SUPPLIED DATA
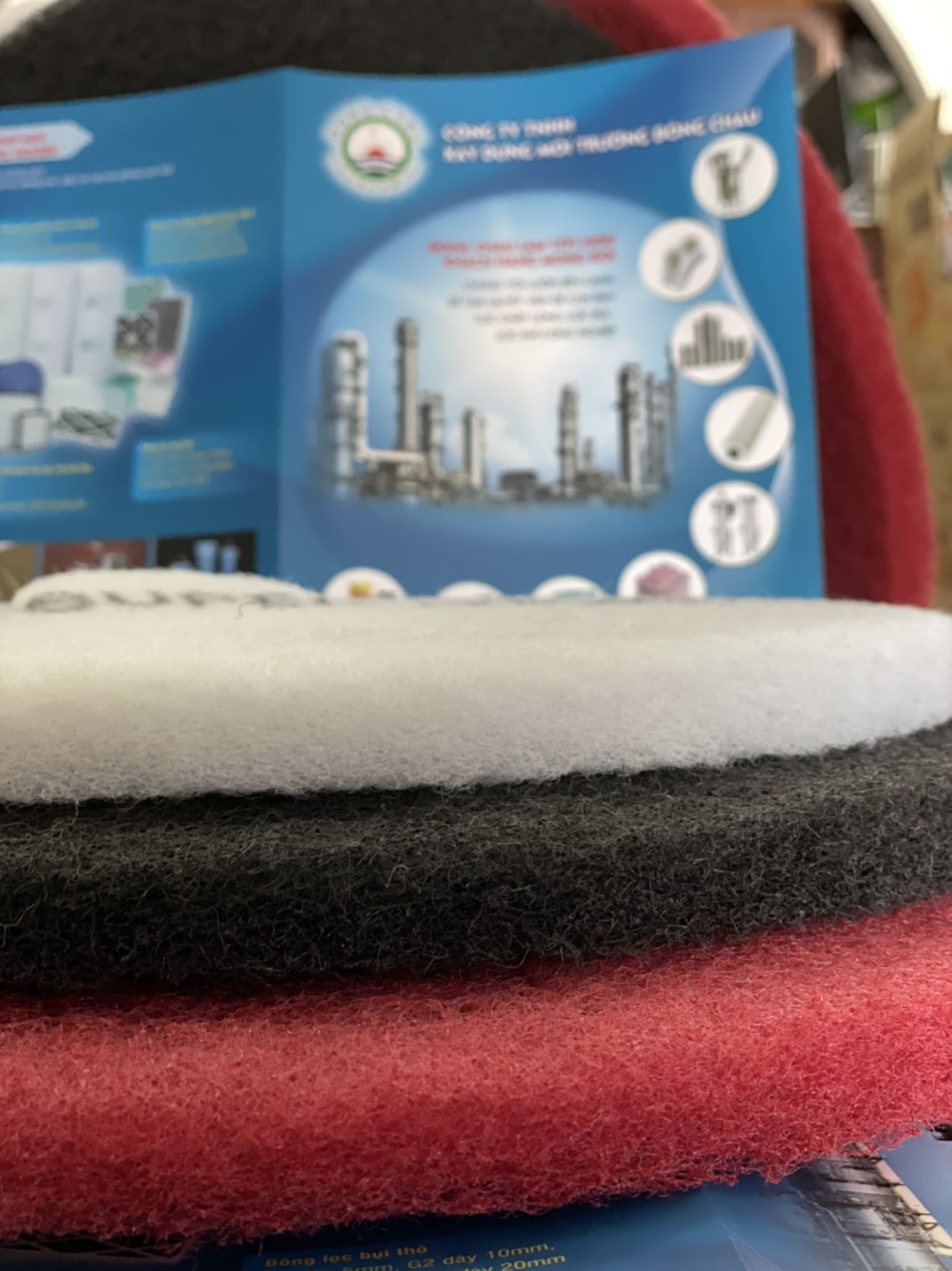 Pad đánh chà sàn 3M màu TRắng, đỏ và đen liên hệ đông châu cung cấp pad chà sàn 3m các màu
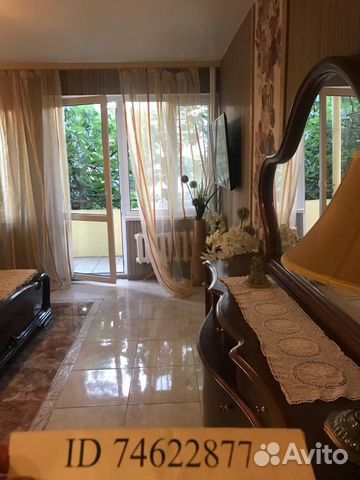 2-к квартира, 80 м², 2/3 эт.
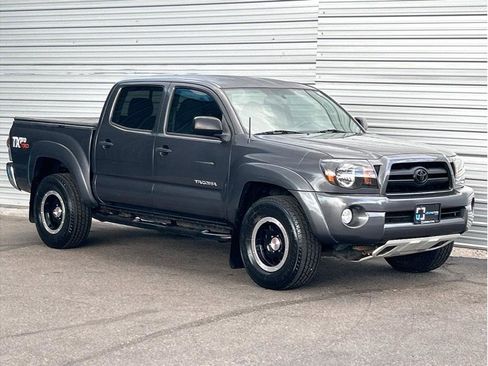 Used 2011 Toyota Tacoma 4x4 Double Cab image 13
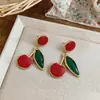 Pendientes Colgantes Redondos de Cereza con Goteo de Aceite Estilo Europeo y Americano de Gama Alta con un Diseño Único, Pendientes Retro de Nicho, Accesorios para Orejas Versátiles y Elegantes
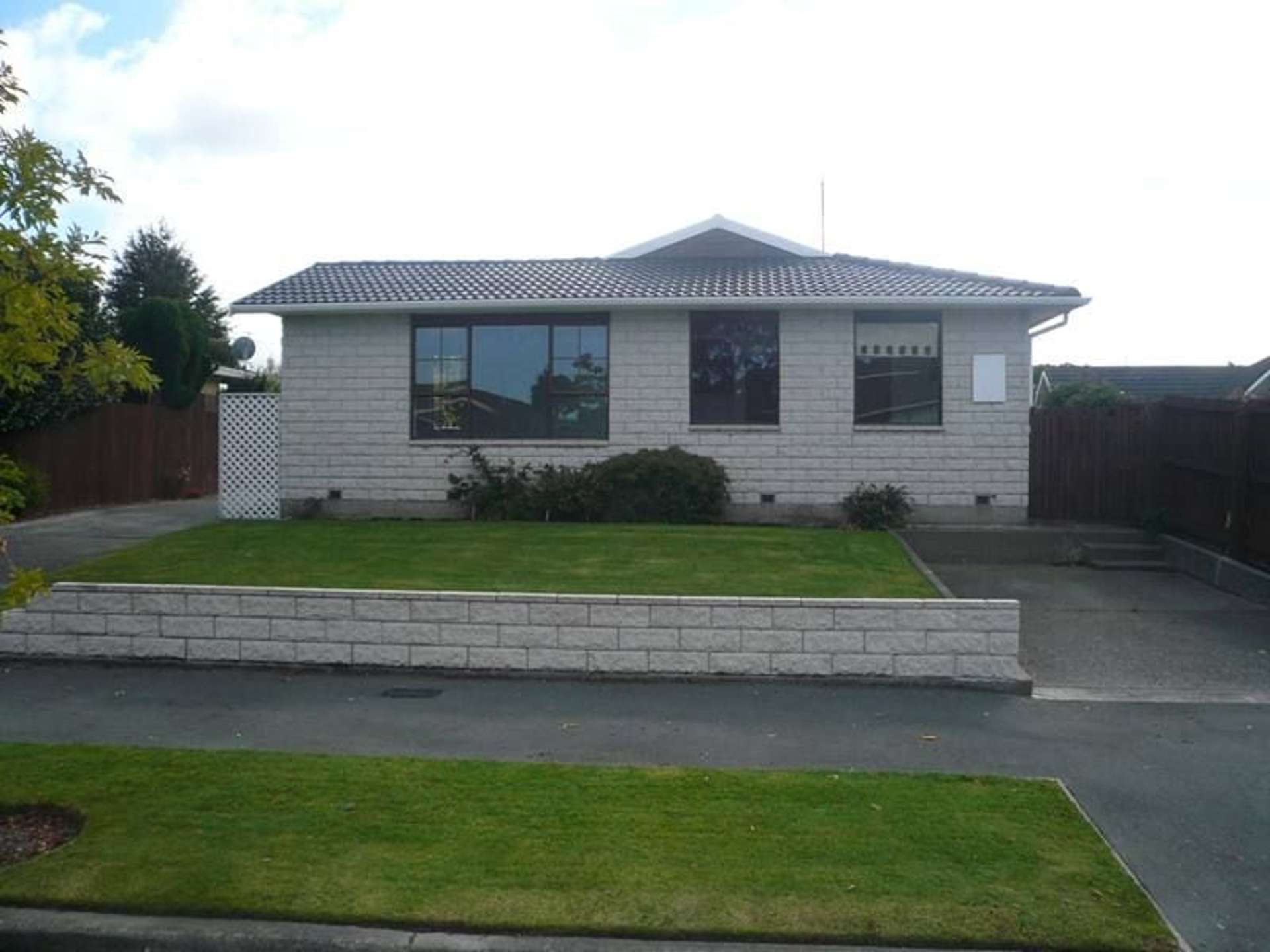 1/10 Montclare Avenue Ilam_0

EXERCISE GOAL
All records above are to be repeated exactly, with the images left out.

ANSWER
 Pad đánh chà sàn 3M màu TRắng, đỏ và đen liên hệ đông châu cung cấp pad chà sàn 3m các màu
 2-к квартира, 80 м², 2/3 эт.
 Used 2011 Toyota Tacoma 4x4 Double Cab image 13
 Pendientes Colgantes Redondos de Cereza con Goteo de Aceite Estilo Europeo y Americano de Gama Alta con un Diseño Único, Pendientes Retro de Nicho, Accesorios para Orejas Versátiles y Elegantes
 1/10 Montclare Avenue Ilam_0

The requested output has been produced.